The Chronicle thinks it unfortunate that General Nunoo Mensah seems to have forgotten that he now operates in a social setting, and not from the barracks, where 'obey before complain' is the ruling maxim.
It seems he also forgets that discipline is inculcated and not plucked off trees. It is unfortunate indiscipline is imbedded in the general fabric of Ghanaians. But his generation of military officers are blameable for the rampant indiscipline in the country more than anybody else.
It is they who overthrew Dr Kwame Nkrumah's government and the method he had put in place to inculcate discipline from infancy. Maybe Nkrumah's approach was controversial, but what did the military replace it with? Nothing! Maybe they lacked the necessary foresight.
Yes, workers' salaries may be suspended, but it can only be done by law. Late British Iron Lady, Baroness Margret Thatcher, instituted laws governing the proclamation of strikes in the United Kingdom, in contravention of which strikes could be declared illegal for forfeiture of workers' salaries. Can General Nunoo Mensah point to any such law here?

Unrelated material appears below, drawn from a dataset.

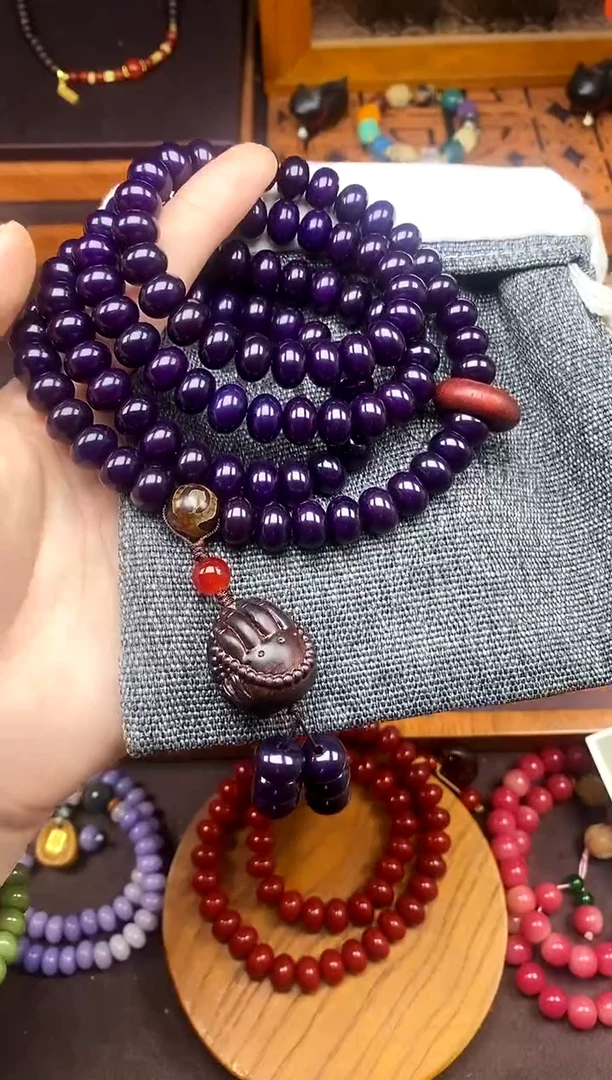 白玉菩提手串紫菩提108多圈 fo手 新品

In the view of The Chronicle , the storm that General Nunoo Mensah's comments has raised, in the midst of the Trades Union Congress' popular agitation against an over 130 percent killer hike in utility rates, has pushed President Mahama into a tight corner, from which only revolutionary measures could extricate him.
And as the Head of Department of Political Science at KNUST suggested on JoyFm last Saturday, it should be a cut in public sector political salaries across the board, as an incentive for the TUC to stomach the killer tariffs. Such an action would demonstrate clearly to all and sundry that sacrifice and patriotism are not being asked only of workers, but of the political class also.
And The Chronicle has a formula ready: President Mahama and Vice-President Amissah-Arthur - 30 per cent; Special Advisors, including Council of State, Ministers & Deputy Ministers - 25 per cent; Chairmen & Members of Boards - 20 per cent and all Members of Parliament - 15 per cent.
Once such is done, the TUC would see sense in appeals to accept the killer tariffs and defer their 10 per cent increase in salaries to be effective in January 2014.
This is the Voice of Reason. Please let us all heed it!